§ **Task goal**
Return each line exactly as written. Begin with the first line of the entries and end with the line that has "Львівські медики відновили".

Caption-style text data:
++++

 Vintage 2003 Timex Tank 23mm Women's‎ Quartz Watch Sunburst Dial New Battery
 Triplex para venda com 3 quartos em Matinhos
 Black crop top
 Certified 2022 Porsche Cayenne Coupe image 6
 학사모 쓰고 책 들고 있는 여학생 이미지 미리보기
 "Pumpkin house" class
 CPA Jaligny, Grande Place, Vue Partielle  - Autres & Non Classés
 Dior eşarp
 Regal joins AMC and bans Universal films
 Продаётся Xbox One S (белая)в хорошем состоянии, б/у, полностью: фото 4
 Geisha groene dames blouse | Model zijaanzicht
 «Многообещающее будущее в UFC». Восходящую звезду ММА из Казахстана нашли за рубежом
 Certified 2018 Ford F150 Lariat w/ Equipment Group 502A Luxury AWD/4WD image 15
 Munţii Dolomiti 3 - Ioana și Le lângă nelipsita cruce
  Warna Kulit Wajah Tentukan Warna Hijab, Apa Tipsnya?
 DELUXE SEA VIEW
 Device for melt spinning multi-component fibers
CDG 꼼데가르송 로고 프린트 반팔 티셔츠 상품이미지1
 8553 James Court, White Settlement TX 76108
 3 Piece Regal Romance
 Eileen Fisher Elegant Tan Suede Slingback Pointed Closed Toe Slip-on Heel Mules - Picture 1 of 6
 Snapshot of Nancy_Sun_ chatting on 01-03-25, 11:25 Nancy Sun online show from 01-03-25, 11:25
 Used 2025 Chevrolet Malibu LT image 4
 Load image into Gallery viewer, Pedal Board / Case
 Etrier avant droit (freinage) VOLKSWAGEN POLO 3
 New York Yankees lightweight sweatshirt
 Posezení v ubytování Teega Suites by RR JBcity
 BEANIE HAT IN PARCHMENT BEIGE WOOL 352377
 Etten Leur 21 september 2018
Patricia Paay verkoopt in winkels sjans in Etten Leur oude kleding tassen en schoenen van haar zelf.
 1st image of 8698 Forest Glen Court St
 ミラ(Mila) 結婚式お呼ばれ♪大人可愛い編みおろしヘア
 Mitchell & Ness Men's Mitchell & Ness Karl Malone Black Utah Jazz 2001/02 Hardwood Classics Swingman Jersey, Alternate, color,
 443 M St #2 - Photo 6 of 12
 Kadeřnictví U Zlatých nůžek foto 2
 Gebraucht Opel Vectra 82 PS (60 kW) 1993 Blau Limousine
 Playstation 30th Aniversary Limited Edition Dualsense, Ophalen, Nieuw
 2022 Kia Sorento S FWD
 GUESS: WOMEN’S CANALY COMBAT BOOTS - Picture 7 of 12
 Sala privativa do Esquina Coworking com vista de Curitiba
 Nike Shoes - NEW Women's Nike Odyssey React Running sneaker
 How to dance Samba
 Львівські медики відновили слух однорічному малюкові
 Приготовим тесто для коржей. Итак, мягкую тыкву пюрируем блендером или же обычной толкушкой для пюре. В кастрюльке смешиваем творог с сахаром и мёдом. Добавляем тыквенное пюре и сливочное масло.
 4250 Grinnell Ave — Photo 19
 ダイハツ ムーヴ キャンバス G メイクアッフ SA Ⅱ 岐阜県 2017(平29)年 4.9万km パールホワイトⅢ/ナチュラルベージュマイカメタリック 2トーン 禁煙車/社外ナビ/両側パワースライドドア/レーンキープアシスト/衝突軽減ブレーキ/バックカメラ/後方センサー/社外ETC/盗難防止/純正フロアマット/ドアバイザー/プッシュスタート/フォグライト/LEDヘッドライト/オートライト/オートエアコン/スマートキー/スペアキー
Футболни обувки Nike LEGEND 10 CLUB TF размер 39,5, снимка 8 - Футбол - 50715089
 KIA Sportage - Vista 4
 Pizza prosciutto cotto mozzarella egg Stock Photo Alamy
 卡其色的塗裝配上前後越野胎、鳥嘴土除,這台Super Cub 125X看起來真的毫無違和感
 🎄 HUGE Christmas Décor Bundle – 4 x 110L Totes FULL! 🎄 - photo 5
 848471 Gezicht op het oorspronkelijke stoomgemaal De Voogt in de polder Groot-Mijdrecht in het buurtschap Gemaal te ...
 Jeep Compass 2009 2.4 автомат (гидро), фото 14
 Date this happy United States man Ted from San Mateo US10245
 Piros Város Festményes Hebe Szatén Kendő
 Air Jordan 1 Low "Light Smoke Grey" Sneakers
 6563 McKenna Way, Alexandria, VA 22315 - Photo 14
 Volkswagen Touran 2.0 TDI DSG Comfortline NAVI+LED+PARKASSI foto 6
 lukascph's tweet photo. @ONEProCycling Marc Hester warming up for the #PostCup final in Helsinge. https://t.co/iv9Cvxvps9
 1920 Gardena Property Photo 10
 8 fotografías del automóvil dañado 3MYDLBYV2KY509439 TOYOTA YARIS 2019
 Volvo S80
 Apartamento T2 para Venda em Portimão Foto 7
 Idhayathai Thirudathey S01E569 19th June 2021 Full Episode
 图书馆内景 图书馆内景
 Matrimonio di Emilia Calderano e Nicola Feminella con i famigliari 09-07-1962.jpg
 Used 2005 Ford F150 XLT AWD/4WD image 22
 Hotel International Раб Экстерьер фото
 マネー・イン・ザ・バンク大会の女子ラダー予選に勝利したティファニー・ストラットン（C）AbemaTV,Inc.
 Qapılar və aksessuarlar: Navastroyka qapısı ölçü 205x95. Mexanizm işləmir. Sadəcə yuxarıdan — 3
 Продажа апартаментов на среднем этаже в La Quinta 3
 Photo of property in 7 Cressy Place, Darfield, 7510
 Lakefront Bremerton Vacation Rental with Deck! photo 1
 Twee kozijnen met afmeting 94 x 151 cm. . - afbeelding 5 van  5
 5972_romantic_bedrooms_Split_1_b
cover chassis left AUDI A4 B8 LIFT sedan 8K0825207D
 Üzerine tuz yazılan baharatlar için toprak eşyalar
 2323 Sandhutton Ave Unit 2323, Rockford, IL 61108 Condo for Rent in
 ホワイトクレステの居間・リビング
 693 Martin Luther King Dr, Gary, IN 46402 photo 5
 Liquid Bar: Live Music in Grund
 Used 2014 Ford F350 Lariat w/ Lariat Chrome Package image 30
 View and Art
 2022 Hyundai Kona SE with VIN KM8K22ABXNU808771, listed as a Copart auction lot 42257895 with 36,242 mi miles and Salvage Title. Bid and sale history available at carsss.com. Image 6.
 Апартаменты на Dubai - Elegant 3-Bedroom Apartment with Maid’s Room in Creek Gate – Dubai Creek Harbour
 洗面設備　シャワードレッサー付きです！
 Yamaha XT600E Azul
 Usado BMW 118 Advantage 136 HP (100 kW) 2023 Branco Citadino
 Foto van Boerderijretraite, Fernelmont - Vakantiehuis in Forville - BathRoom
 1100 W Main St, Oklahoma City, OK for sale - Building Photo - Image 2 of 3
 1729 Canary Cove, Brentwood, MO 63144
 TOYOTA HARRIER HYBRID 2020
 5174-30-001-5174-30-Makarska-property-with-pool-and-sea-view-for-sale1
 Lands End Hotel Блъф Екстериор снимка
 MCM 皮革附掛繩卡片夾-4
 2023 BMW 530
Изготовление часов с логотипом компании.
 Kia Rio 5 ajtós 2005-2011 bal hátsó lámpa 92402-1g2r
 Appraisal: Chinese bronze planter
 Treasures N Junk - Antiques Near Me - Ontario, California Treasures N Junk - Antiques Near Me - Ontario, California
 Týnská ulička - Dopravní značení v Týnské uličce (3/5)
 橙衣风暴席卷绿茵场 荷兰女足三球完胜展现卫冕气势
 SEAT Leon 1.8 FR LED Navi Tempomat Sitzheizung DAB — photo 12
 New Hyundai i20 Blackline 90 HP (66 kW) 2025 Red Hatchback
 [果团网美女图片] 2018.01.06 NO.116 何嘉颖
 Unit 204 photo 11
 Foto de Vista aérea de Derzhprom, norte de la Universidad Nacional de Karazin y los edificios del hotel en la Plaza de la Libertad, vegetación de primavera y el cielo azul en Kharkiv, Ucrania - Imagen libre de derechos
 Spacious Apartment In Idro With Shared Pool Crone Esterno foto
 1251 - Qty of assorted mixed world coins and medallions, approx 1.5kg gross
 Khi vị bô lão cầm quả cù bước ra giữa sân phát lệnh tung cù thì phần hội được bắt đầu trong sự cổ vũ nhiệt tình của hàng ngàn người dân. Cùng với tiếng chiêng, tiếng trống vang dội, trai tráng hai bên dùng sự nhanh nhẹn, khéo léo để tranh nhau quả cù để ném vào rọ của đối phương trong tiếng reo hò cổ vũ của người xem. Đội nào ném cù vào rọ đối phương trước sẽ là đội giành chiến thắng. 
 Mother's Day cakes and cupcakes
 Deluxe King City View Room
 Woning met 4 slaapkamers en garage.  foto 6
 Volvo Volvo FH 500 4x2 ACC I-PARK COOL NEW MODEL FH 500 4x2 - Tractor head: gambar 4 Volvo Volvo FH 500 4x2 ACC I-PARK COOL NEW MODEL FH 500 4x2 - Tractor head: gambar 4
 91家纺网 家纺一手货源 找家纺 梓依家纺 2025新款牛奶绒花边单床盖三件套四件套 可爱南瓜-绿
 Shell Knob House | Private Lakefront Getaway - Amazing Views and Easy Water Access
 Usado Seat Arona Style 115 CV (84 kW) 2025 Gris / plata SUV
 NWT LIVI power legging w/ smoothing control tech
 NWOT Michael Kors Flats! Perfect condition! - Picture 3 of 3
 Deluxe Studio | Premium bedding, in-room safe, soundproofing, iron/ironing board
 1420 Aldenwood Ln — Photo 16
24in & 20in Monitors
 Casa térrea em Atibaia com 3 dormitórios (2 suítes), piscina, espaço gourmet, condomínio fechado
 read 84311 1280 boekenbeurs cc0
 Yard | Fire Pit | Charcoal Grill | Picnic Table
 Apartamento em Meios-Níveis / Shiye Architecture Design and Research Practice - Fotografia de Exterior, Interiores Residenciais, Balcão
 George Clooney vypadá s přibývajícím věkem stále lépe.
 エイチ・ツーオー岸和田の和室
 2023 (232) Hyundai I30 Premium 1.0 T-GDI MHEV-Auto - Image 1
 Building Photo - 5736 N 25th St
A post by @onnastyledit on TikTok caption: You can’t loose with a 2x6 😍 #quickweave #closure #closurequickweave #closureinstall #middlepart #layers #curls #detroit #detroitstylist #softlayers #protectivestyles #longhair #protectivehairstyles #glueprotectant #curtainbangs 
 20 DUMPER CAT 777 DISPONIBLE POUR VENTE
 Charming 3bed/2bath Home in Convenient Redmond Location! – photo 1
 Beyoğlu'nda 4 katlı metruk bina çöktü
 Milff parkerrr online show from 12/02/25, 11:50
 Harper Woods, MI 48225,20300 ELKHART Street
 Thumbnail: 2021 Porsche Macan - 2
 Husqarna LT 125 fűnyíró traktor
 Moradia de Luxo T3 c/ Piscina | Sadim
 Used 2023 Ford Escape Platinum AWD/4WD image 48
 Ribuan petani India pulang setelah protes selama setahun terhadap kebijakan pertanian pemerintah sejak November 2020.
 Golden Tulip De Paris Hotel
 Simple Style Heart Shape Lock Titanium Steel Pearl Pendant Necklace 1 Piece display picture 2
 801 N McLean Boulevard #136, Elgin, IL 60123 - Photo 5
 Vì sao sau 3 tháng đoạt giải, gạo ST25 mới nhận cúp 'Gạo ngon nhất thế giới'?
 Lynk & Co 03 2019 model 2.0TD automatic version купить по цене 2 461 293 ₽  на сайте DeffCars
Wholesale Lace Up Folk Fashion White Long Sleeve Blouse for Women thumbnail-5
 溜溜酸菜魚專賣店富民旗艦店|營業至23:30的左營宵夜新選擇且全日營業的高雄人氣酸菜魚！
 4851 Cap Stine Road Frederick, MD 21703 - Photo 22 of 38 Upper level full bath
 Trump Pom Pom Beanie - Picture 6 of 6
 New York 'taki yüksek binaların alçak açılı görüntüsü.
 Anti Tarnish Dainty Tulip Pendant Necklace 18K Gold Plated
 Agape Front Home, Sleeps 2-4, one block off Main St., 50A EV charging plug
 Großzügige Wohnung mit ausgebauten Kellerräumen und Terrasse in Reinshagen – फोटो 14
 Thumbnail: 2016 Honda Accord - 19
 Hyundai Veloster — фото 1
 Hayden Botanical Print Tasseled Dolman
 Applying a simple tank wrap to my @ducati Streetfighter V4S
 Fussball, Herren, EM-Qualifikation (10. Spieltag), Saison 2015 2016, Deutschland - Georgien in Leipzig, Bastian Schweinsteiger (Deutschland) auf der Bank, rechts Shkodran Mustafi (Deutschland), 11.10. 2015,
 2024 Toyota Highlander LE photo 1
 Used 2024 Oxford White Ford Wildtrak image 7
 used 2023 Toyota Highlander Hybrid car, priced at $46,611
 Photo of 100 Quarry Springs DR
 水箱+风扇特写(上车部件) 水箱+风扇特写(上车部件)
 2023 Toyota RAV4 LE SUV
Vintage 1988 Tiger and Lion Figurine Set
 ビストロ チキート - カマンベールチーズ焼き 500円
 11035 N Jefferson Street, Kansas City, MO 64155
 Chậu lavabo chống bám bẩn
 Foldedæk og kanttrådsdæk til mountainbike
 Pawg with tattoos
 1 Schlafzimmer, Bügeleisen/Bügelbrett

++++

§ **Answer**
 Vintage 2003 Timex Tank 23mm Women's‎ Quartz Watch Sunburst Dial New Battery
 Triplex para venda com 3 quartos em Matinhos
 Black crop top
 Certified 2022 Porsche Cayenne Coupe image 6
 학사모 쓰고 책 들고 있는 여학생 이미지 미리보기
 "Pumpkin house" class
 CPA Jaligny, Grande Place, Vue Partielle  - Autres & Non Classés
 Dior eşarp
 Regal joins AMC and bans Universal films
 Продаётся Xbox One S (белая)в хорошем состоянии, б/у, полностью: фото 4
 Geisha groene dames blouse | Model zijaanzicht
 «Многообещающее будущее в UFC». Восходящую звезду ММА из Казахстана нашли за рубежом
 Certified 2018 Ford F150 Lariat w/ Equipment Group 502A Luxury AWD/4WD image 15
 Munţii Dolomiti 3 - Ioana și Le lângă nelipsita cruce
  Warna Kulit Wajah Tentukan Warna Hijab, Apa Tipsnya?
 DELUXE SEA VIEW
 Device for melt spinning multi-component fibers
CDG 꼼데가르송 로고 프린트 반팔 티셔츠 상품이미지1
 8553 James Court, White Settlement TX 76108
 3 Piece Regal Romance
 Eileen Fisher Elegant Tan Suede Slingback Pointed Closed Toe Slip-on Heel Mules - Picture 1 of 6
 Snapshot of Nancy_Sun_ chatting on 01-03-25, 11:25 Nancy Sun online show from 01-03-25, 11:25
 Used 2025 Chevrolet Malibu LT image 4
 Load image into Gallery viewer, Pedal Board / Case
 Etrier avant droit (freinage) VOLKSWAGEN POLO 3
 New York Yankees lightweight sweatshirt
 Posezení v ubytování Teega Suites by RR JBcity
 BEANIE HAT IN PARCHMENT BEIGE WOOL 352377
 Etten Leur 21 september 2018
Patricia Paay verkoopt in winkels sjans in Etten Leur oude kleding tassen en schoenen van haar zelf.
 1st image of 8698 Forest Glen Court St
 ミラ(Mila) 結婚式お呼ばれ♪大人可愛い編みおろしヘア
 Mitchell & Ness Men's Mitchell & Ness Karl Malone Black Utah Jazz 2001/02 Hardwood Classics Swingman Jersey, Alternate, color,
 443 M St #2 - Photo 6 of 12
 Kadeřnictví U Zlatých nůžek foto 2
 Gebraucht Opel Vectra 82 PS (60 kW) 1993 Blau Limousine
 Playstation 30th Aniversary Limited Edition Dualsense, Ophalen, Nieuw
 2022 Kia Sorento S FWD
 GUESS: WOMEN’S CANALY COMBAT BOOTS - Picture 7 of 12
 Sala privativa do Esquina Coworking com vista de Curitiba
 Nike Shoes - NEW Women's Nike Odyssey React Running sneaker
 How to dance Samba
 Львівські медики відновили слух однорічному малюкові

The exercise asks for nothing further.